L'enjeu porte dans l'immédiat sur les 600 éoliennes de l'appel d'offres lancé par le gouvernement en juillet qui représentent un investissement de 10 milliards d'euros. Elles devront être installées, à partir de 2015, au large du Tréport et de Fécamp (Seine-Maritime), Courseulles-sur-mer (Calvados), Saint-Brieuc (Côtes d'Armor) et Saint-Nazaire (Loire-Atlantique).


Le Havre et Saint-Nazaire bien placés


En attendant la désignation des industriels lauréats prévue en avril, les ports voisins se disent prêts à offrir de l'espace pour construire, assembler et tester les éoliennes et un quai pour les embarquer vers les champs d'implantation en mer. Tous font du lobbying, organisent des colloques sur ce thème et établissent des annuaires des compétences locales. Dans cette course, Le Havre et Saint-Nazaire apparaissent les mieux placés en raison de la qualité de leurs installations et de la densité de leur tissu industriel.

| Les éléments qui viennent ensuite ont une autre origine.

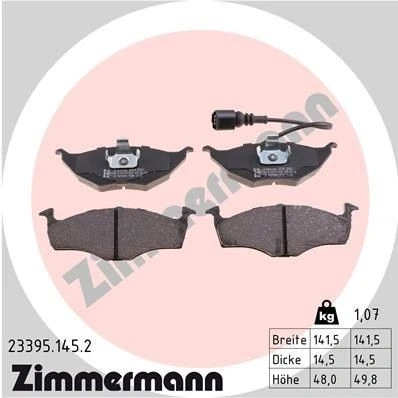 Imagem de ZIMMERMANN 23395.145.2 Jogo de pastilhas para travão disco incl. contacto aviso desgaste A imagem corresponde ao volume fornecimento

Le premier qui propose deux sites, au choix, bénéficie de la proximité des trois projets de champs normands localisés dans un rayon de 120 km de ses quais.

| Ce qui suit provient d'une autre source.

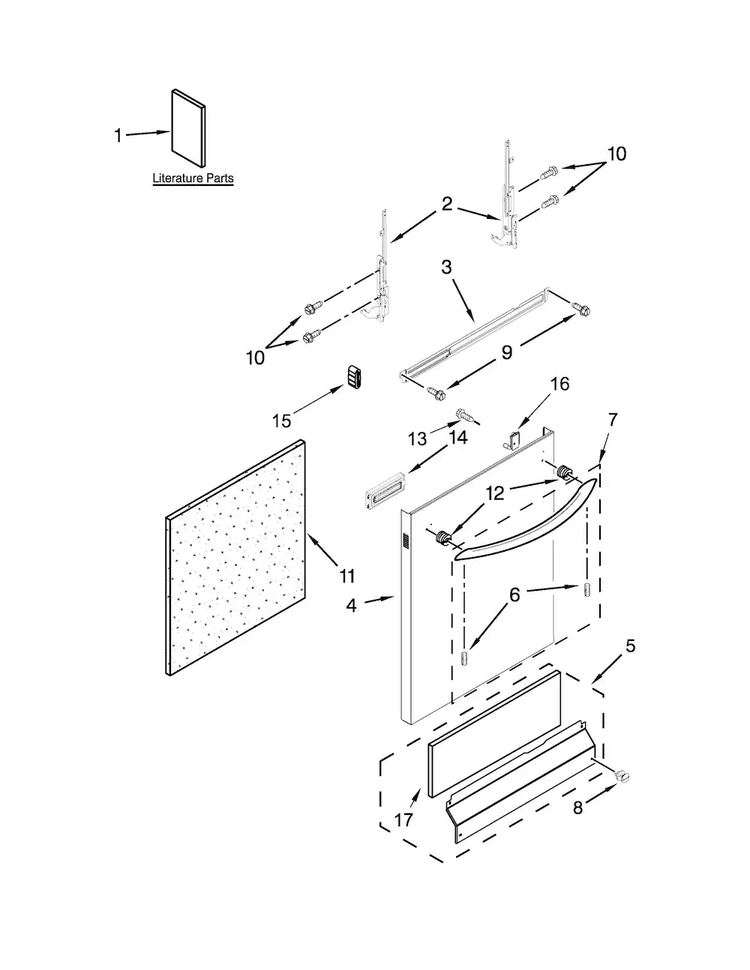 Door And Panel Parts Diagram and Parts List for ADB1500ADS3  Amana Dishwasher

Le second qui proposera prochainement un site compte dans son orbite le chantier naval STX dont le carnet de commandes a besoin de se remplir et qui a fait des énergies marines un axe de diversification. L'entreprise a ainsi conçu un navire de pose des éoliennes et développe un projet de fondations pour ancrer ces engins en mer.

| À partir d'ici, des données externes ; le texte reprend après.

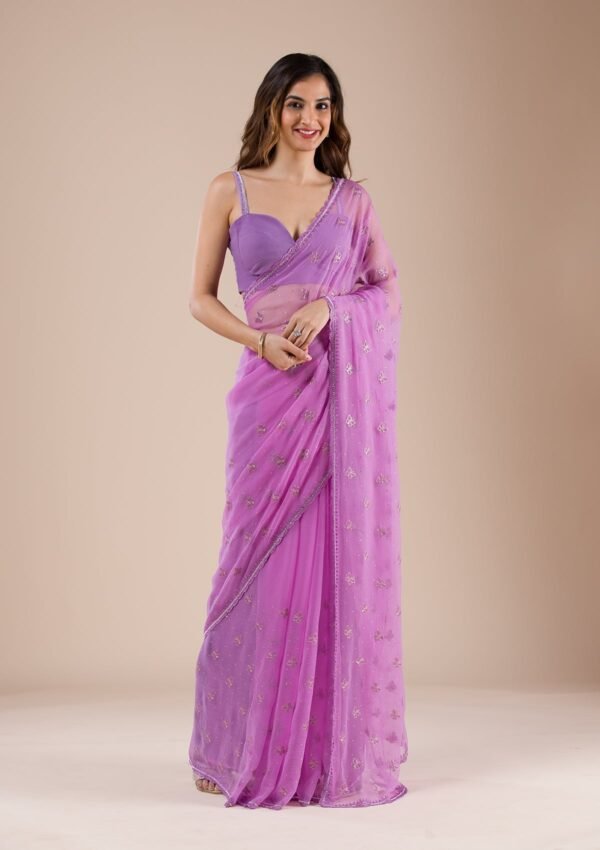 Elegant Lavender Chiffon Saree with Beautiful Stonework - Image 4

Des éoliennes après un EPR à Cherbourg?


Plus modestes par leur taille, mais au coeur des projets, Cherbourg et Brest se sont mobilisés très tôt et bénéficient du soutien appuyé de leurs régions respectives, la Basse-Normandie et la Bretagne. A Cherbourg, le port met à disposition un site pour accueillir cette activité qui pourrait prendre le relais du chantier du réacteur nucléaire EPR de Flamanville, prévu pour se terminer en 2016. A Brest, la Bretagne a prévu d'aménager pour les énergies marines un polder d'une cinquantaine d'hectares. «C'est tout le tissu industriel breton qui est derrière avec le cluster Bretagne pôle naval dont l'expertise pourrait être utilisée pour l'éolien», assure Jean-Hervé Lacroix, directeur du département industrie à la CCI de Brest.


Plus excentrés, Dunkerque et Bordeaux se sont quand même mis sur les rangs avec deux sites pour le premier et une zone de développement éolien en projet sur son terminal du Verdon pour le second. Enfin des ports beaucoup plus petits comme Fécamp, Dieppe ou encore Saint-Brieuc, proches des futurs parcs, se positionnent pour assurer la maintenance des éoliennes lorsqu'elles seront en activité.


Les ports français regardent vers l’étranger


Tout ne sera pas perdu pour les ports non-retenus par les industriels lauréats: ils auront droit à une seconde chance avec le deuxième appel d'offres qui doit être lancé en avril prochain ou pourront miser sur l'export. Brest, Cherbourg et Le Havre regardent vers le sud de l'Angleterre où les projets sont nombreux et les capacités portuaires limitées tandis que Dunkerque lorgne les fabuleux marchés du nord de l'Europe. «Nous nous positionnons en Manche mais aussi en Mer du Nord où le principal du développement de l'éolien marin se fera dans les 20 ans à venir», assure Jean-Frédéric Laurent, directeur du développement du port de Dunkerque.